▶ _EXERCISE_:
Below are the records; repeat exactly their lines between the line holding "Gesetzesänderung Landeswaldgesetz" and the line holding "Afvalcontainer sticker, vierkant, zwart", inclusive, skipping the pictures.

▶ _DATA EXCERPTS_:

#####

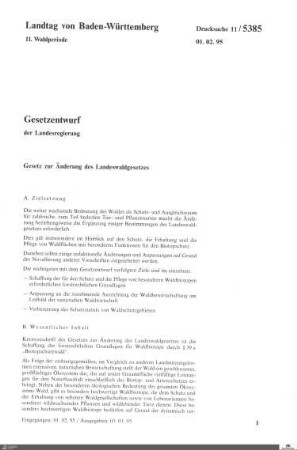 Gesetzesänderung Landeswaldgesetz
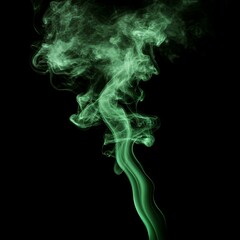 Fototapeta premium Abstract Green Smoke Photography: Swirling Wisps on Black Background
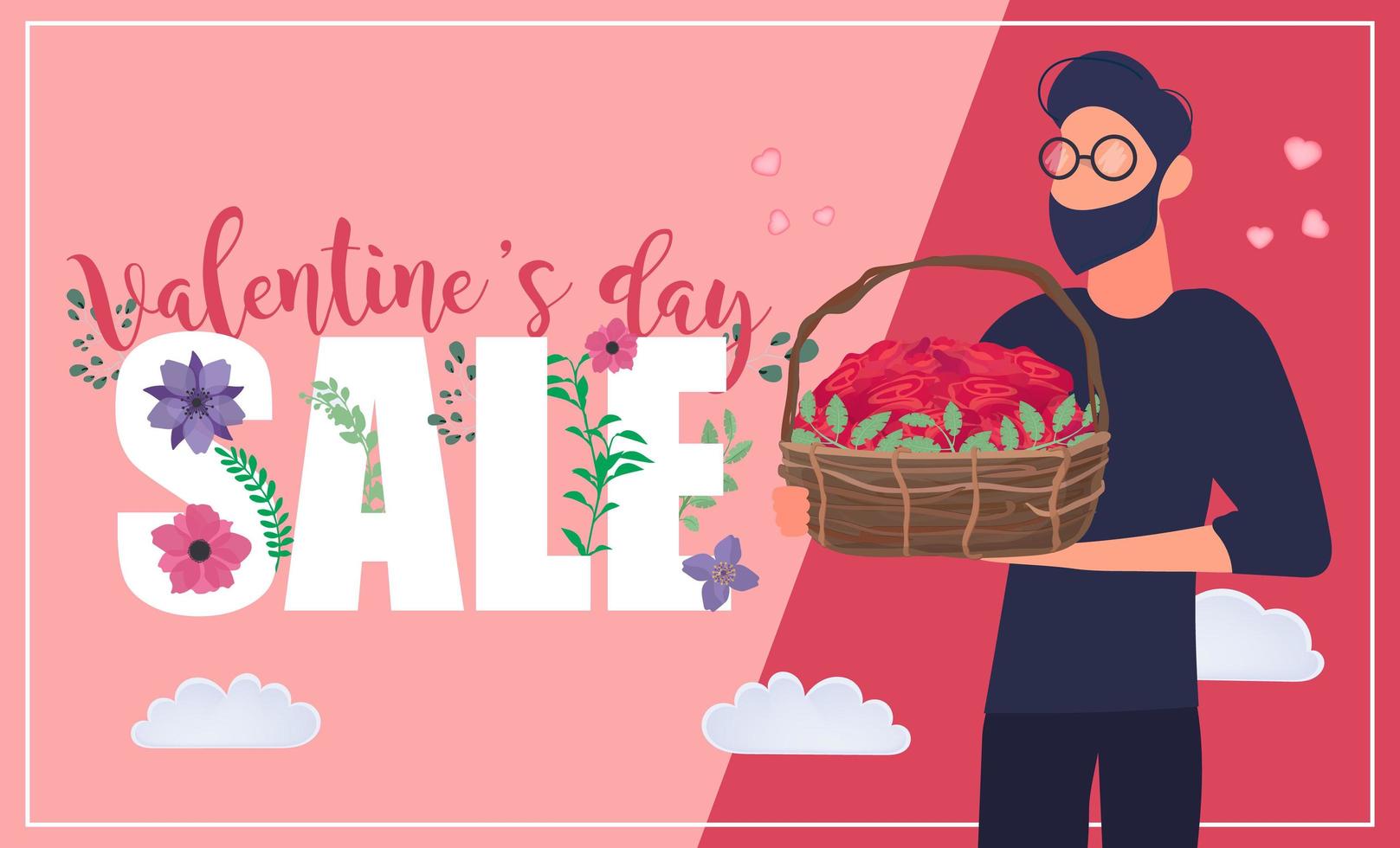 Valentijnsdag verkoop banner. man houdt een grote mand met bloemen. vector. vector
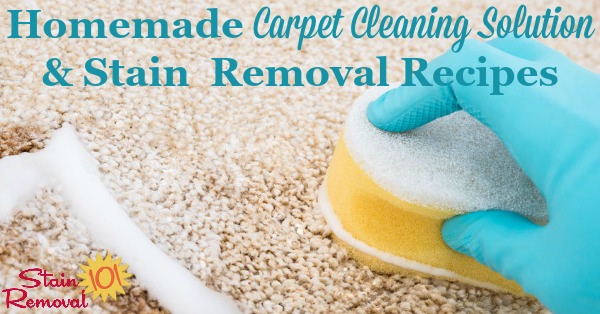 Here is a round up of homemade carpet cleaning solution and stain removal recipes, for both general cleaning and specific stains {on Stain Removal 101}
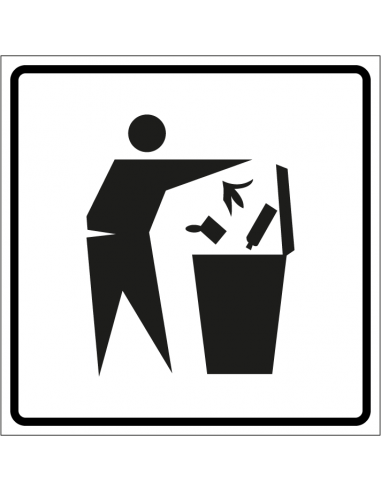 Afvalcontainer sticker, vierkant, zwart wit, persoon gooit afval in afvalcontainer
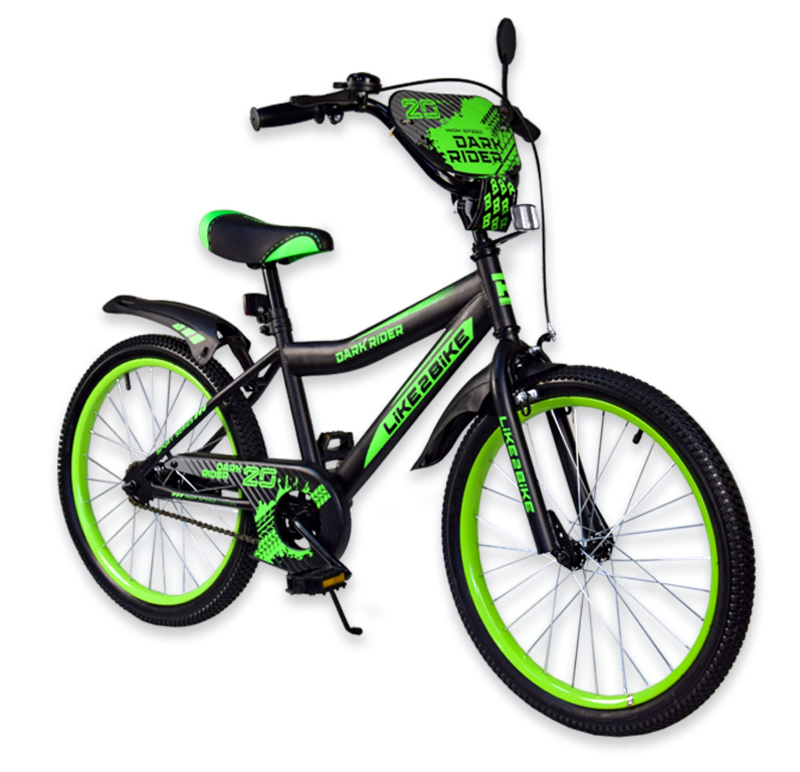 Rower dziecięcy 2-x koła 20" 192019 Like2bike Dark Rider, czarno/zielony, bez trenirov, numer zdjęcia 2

#####

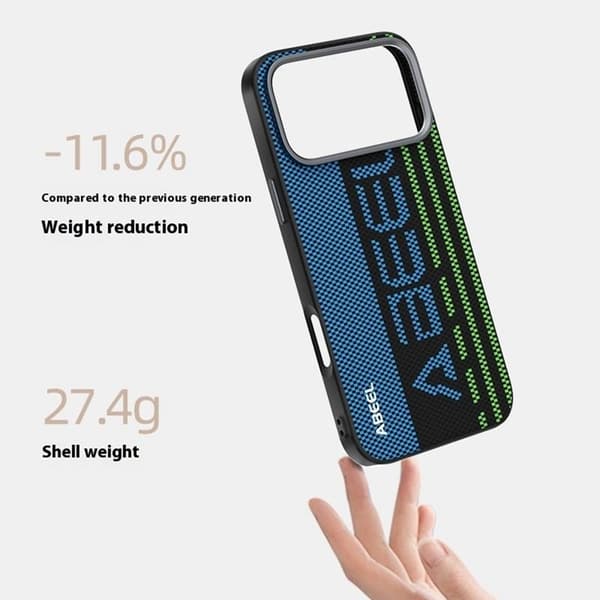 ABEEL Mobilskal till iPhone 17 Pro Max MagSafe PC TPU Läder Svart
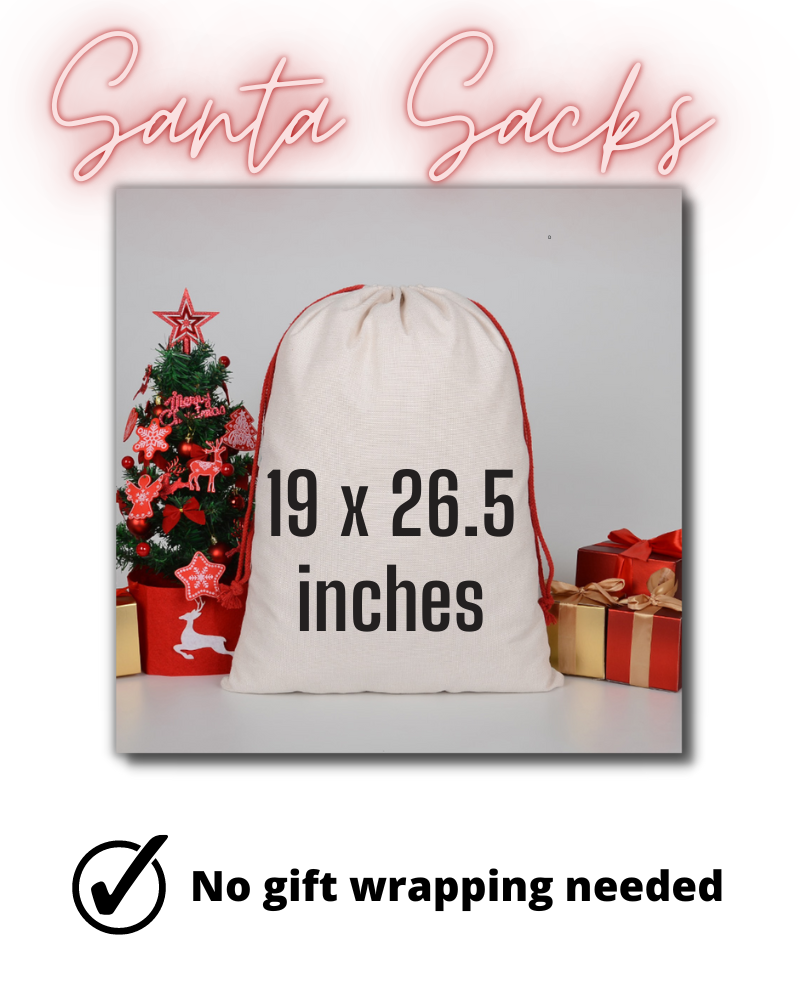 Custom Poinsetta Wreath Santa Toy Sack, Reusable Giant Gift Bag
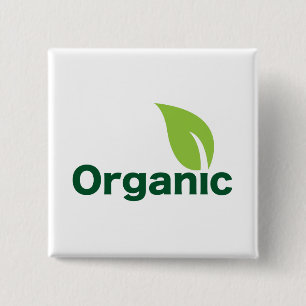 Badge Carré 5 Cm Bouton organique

#####

▶ _RESULT_:
 Gesetzesänderung Landeswaldgesetz
 Fototapeta premium Abstract Green Smoke Photography: Swirling Wisps on Black Background
 Valentijnsdag verkoop banner. man houdt een grote mand met bloemen. vector. vector
 Here is a round up of homemade carpet cleaning solution and stain removal recipes, for both general cleaning and specific stains {on Stain Removal 101}
 Afvalcontainer sticker, vierkant, zwart wit, persoon gooit afval in afvalcontainer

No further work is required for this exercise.